# WHAT IS EXPECTED
Starting at the line that contains "Small dog, puppy Stock Footage 45157591", write out every line through the end of the records exactly as it stands, and leave out all pictures.

### MATERIAL SUPPLIED ###

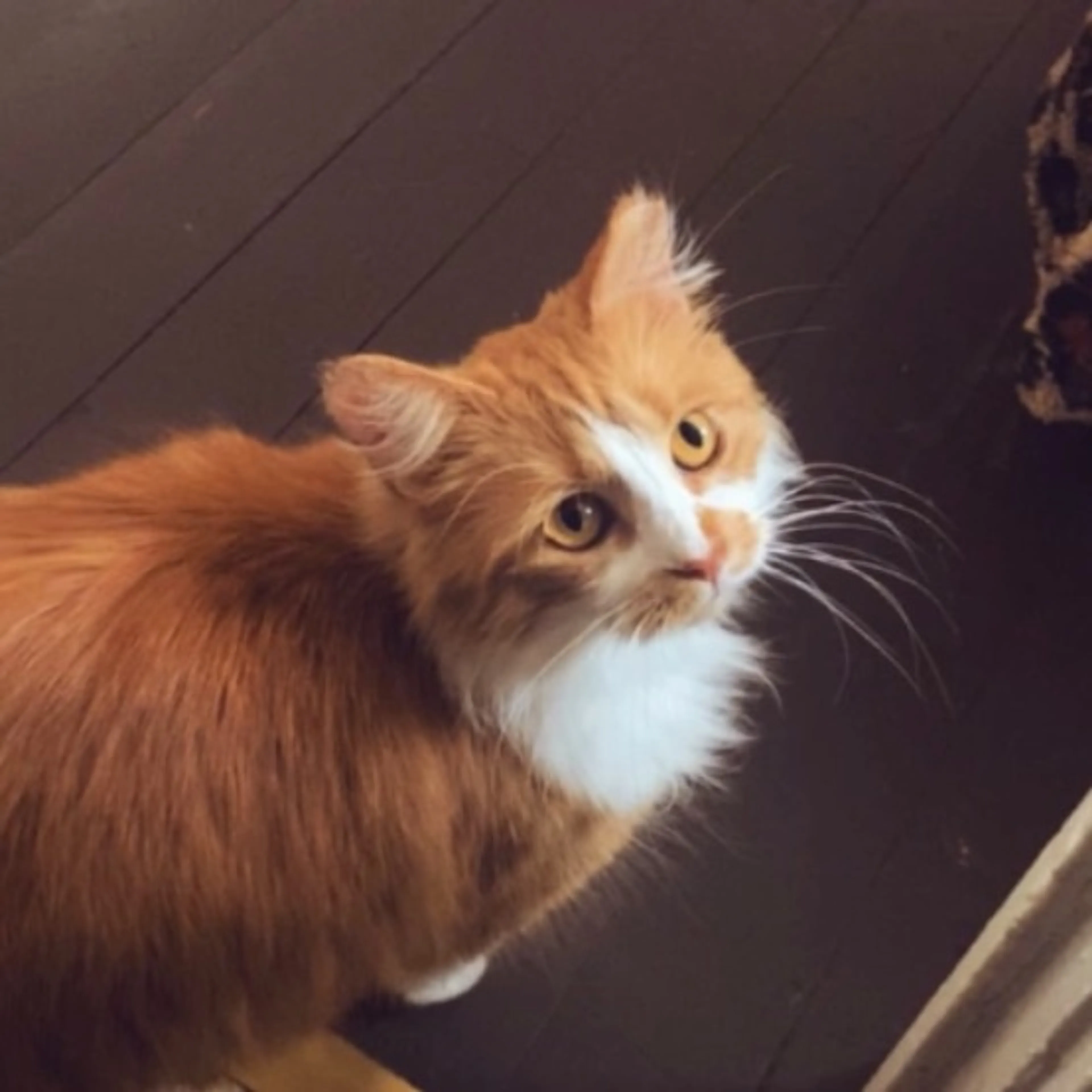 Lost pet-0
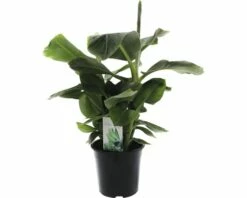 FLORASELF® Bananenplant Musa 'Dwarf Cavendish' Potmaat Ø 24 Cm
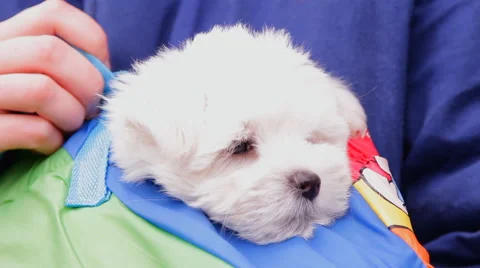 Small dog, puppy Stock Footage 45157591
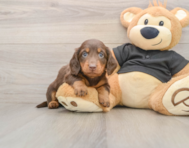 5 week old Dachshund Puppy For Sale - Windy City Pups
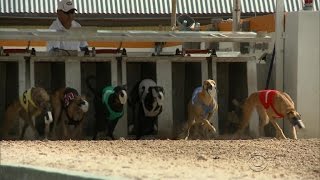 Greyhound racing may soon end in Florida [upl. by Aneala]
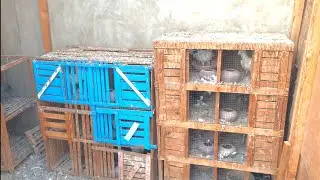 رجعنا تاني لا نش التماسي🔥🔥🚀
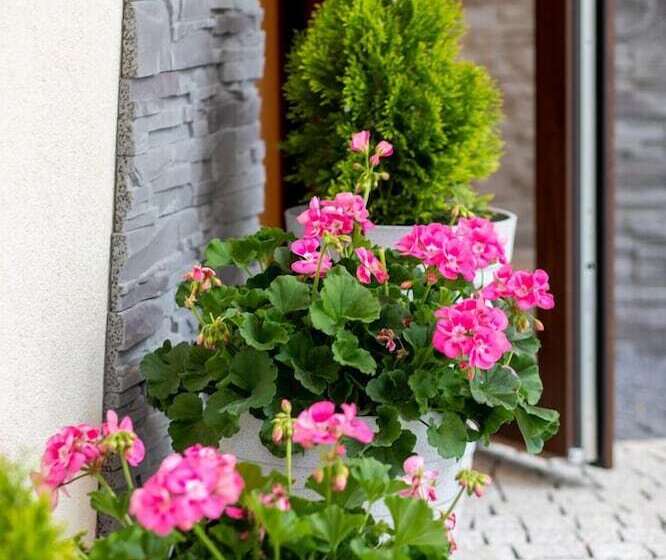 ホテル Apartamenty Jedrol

###

# SOLUTION TO THE PROBLEM
 Small dog, puppy Stock Footage 45157591
 5 week old Dachshund Puppy For Sale - Windy City Pups
 Greyhound racing may soon end in Florida [upl. by Aneala]
 رجعنا تاني لا نش التماسي🔥🔥🚀
 ホテル Apartamenty Jedrol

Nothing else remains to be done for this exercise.